In your mind, without opening your eyes, look above you. Tonight, at this very moment, there is a heavenly court hanging directly above us, dazzling and haunting and staring, seeing all of what you did this year, what promises we kept and what promises we didn’t. And no, it’s not that tidy panel of angels dressed in vanilla frosting and fluffy cloud scarves with harps - no shame if you saw it, I saw it too -- but no, look again, inside and above your mind. The tribunal convened above us, right now, is alive, beaming, visible only tonight on Kol Nidre. Sure, we can say it’s court made of angels, but there is a immense gaggle of them, picture them: a congregation so wild and numerous, they are piled upon one another, and oh, these “angels” are made mostly of eyes, many many eyes, and oh, and their eyes are comprised solely of stars, so many many stars, packed tight into the seams of their alien angelic pupils, eyeballs of entire galaxies witnessing us, in our exhausted, daily attempts at wholeness.
These strange constellation-creatures have seen us, in a kind of seeing we can’t imagine, perhaps it shouldn’t even be called seeing, more like a thrumming-reaching-sensing. They have been awake all this time, they watched you make promises and break them, watched you make promises and keep them and they know what keeping them cost you; they watched you fail, flail, re-commit, get fired up, feel rootless, ruthless, selfish, feel holy, true, connected… they’ve above us right now in all that knowing.
And now, still with eyes closed, look around you and see that an earthly court, too, has sprung up between and amongst us, and it, too, glitters. When we say court: it is not that horrifically supremacist and bureaucratic apparatus on 3rd Avenue designed to declare humans individually guilty for how the system failed them in the exact way power designed it to fail them. Erase those halls from your mind. This is a different kind of earthly tribunal. Inexplicably, it’s covered in moss, can you see it? It's everywhere. Rolling bright green softnesses, and it’s between all of us right now, we’re sitting upon the downy green seats of the earth, oh and it’s completely spangled in dew, but so are we, we are warm and shaking as tiny petals in the morning. Some of us are wearing white, dressed in the garment in which we expect to be buried in -- and this is not a horrible thought, but a sacred one, a deep breath one we take together in this place, where we have a future and we also don’t have a future. We are all here, in the betweenness, in this meadow-courtroom-forest, we gather in electric-lush-wildness, and a cedar frond skitters your elbow as you sit here, shuddering, convened as an essential part of this sacred community.
Still with eyes closed: we are witnessing each other in this place, we are the People beside the earthly court and our consent is needed for the proceedings to continue. The angel-star-creatures have already given their sequined nods. HaMakom, The Place where G-d resides which is itself G-d has given their go-ahead.
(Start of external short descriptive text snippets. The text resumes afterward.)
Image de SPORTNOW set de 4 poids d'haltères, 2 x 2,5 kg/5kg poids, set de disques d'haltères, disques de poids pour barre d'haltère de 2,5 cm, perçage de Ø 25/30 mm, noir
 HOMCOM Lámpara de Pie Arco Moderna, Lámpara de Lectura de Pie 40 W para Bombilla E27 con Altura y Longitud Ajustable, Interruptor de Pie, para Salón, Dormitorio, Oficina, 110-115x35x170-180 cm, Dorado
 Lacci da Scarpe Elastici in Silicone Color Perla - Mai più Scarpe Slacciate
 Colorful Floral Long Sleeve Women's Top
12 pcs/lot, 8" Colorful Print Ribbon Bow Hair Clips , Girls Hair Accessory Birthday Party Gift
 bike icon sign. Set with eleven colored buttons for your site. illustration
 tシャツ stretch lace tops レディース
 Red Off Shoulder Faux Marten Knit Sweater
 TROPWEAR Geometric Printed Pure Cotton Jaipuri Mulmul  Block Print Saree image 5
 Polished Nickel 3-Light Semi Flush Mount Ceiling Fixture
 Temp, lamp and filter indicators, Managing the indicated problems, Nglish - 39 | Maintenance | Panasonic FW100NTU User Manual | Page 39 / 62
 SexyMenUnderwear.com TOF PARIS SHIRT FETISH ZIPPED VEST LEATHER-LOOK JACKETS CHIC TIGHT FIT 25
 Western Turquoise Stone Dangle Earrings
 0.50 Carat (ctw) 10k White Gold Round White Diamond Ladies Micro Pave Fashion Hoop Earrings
And now it is our turn, your turn, to affirm: yes, we long to be here together, yes, we will consent to the anti-contract-contract we are signing, yes, we will pray among the transgressors.
What is about to happen is not what you assume.
This is not a prayer.
This is about border crossing.
By arriving at Kol Nidre, we have given permission to take part in this mournful and magical legal proceeding and we have agreed to do so amongst, alongside, with the “avaryanim,” often translated as “the transgressors” or “the sinners.” The root of this word, avar, means to pass, to cross a border, to swell, to run over... it can also simultaneously mean to transgress and to forgive or pass-over a transgression. Border crossing is an activity of harm and healing - we have the capacity to transgress boundaries in harm as well as pass-over (angel of death style) the mistakes we make.
And! This is the same root as the word “Evri”, the Hebrew word for Hebrew. So our language, our collective identity as Hebrews, is at its root, defined by our penchant for crossing national borders. We, the people of passing over borders, come together tonight to pray amongst ourselves.
Now, you can begin to open your eyes.
2. KOL NIDRE: the grammar of border crossing, the liturgy of the future
So, Shelby was our chazzan just now, asking us to get ready and give permission to learn together as border-crossers. (Notice we are structuring our D’var about Kol Nidre, the way that we chant Kol Nidre! A chazzan-ed way in to our work together, with a chazzan-ed way out into the wider work) So, now we are ready to study, yes? Ok, good!
Here we are with all our vows. These are reflexive vows, voluntary--they are ours because we made them, took them upon ourselves, not because someone else made us hold them. They are not the mitzvot that we are rarely un-obligated from--that are deeds, obligations, commandments...things we do that hold up the world and tether us to our tradition. We authored these commitments, not Torah, and now we try to author our release from them.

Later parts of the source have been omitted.